== Action item ==
Please copy the lines below exactly, from the first one through the line showing "Помидоры и крабовые".

== Input for this task ==
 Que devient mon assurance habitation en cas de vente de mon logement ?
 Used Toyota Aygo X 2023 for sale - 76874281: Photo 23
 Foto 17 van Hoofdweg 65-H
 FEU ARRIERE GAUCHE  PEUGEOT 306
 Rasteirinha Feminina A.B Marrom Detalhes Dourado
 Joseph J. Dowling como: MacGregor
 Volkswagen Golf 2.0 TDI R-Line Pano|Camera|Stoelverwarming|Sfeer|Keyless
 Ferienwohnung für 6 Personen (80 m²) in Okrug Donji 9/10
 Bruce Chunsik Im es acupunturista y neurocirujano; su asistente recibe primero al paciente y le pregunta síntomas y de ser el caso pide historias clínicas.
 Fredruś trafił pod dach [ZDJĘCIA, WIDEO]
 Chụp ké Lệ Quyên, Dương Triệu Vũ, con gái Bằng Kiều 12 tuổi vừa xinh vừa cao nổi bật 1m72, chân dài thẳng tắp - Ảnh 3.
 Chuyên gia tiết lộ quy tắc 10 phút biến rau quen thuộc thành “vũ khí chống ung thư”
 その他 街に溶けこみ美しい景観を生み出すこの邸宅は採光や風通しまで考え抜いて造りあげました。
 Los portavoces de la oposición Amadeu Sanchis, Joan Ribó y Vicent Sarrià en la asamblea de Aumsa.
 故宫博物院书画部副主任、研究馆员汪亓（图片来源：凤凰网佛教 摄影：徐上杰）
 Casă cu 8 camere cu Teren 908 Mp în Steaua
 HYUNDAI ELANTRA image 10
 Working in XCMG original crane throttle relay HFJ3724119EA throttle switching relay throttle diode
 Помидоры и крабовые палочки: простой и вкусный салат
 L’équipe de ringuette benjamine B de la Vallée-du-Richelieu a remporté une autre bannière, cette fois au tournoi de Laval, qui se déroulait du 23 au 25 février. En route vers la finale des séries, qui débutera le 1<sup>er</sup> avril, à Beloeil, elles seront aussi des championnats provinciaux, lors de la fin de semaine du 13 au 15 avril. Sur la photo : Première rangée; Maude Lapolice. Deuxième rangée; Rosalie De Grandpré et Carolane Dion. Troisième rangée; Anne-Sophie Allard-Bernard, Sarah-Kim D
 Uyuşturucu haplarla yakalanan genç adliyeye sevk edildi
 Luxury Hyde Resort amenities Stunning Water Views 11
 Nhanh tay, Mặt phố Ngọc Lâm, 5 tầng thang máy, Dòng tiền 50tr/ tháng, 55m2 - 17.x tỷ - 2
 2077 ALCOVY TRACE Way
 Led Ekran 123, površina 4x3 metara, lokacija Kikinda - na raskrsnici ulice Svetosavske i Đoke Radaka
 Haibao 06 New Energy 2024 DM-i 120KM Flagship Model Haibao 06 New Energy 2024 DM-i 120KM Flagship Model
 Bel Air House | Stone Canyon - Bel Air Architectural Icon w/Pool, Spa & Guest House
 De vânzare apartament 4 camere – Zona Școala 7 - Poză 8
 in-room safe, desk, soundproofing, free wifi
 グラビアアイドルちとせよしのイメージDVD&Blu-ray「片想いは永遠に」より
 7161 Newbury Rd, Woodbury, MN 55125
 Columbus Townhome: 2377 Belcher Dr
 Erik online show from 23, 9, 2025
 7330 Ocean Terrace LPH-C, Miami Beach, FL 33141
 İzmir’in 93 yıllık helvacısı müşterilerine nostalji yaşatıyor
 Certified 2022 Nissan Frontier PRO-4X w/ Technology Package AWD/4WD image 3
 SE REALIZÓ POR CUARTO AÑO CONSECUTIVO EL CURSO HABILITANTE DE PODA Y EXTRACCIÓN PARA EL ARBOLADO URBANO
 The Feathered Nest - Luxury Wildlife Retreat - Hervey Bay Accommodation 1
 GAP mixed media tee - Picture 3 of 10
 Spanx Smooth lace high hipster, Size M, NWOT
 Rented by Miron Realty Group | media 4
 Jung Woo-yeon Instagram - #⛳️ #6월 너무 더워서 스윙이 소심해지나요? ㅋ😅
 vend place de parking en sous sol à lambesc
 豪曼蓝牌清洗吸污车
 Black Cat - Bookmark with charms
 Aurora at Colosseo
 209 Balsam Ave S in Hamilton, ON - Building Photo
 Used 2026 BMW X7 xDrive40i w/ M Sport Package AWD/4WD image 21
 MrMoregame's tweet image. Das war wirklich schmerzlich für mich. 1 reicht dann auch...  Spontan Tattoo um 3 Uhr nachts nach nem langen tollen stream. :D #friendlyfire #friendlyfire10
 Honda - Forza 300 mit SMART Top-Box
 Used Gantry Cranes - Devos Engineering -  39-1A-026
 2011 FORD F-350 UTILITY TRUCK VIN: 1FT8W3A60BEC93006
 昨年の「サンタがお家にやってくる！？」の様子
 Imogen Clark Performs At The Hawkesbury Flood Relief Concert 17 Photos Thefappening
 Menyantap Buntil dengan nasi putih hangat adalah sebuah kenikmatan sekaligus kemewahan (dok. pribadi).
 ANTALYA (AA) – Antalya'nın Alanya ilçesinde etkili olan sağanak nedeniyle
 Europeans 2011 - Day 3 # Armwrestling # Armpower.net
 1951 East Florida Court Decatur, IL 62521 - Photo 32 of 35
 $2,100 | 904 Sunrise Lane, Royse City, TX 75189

== Written solution ==
 Que devient mon assurance habitation en cas de vente de mon logement ?
 Used Toyota Aygo X 2023 for sale - 76874281: Photo 23
 Foto 17 van Hoofdweg 65-H
 FEU ARRIERE GAUCHE  PEUGEOT 306
 Rasteirinha Feminina A.B Marrom Detalhes Dourado
 Joseph J. Dowling como: MacGregor
 Volkswagen Golf 2.0 TDI R-Line Pano|Camera|Stoelverwarming|Sfeer|Keyless
 Ferienwohnung für 6 Personen (80 m²) in Okrug Donji 9/10
 Bruce Chunsik Im es acupunturista y neurocirujano; su asistente recibe primero al paciente y le pregunta síntomas y de ser el caso pide historias clínicas.
 Fredruś trafił pod dach [ZDJĘCIA, WIDEO]
 Chụp ké Lệ Quyên, Dương Triệu Vũ, con gái Bằng Kiều 12 tuổi vừa xinh vừa cao nổi bật 1m72, chân dài thẳng tắp - Ảnh 3.
 Chuyên gia tiết lộ quy tắc 10 phút biến rau quen thuộc thành “vũ khí chống ung thư”
 その他 街に溶けこみ美しい景観を生み出すこの邸宅は採光や風通しまで考え抜いて造りあげました。
 Los portavoces de la oposición Amadeu Sanchis, Joan Ribó y Vicent Sarrià en la asamblea de Aumsa.
 故宫博物院书画部副主任、研究馆员汪亓（图片来源：凤凰网佛教 摄影：徐上杰）
 Casă cu 8 camere cu Teren 908 Mp în Steaua
 HYUNDAI ELANTRA image 10
 Working in XCMG original crane throttle relay HFJ3724119EA throttle switching relay throttle diode
 Помидоры и крабовые палочки: простой и вкусный салат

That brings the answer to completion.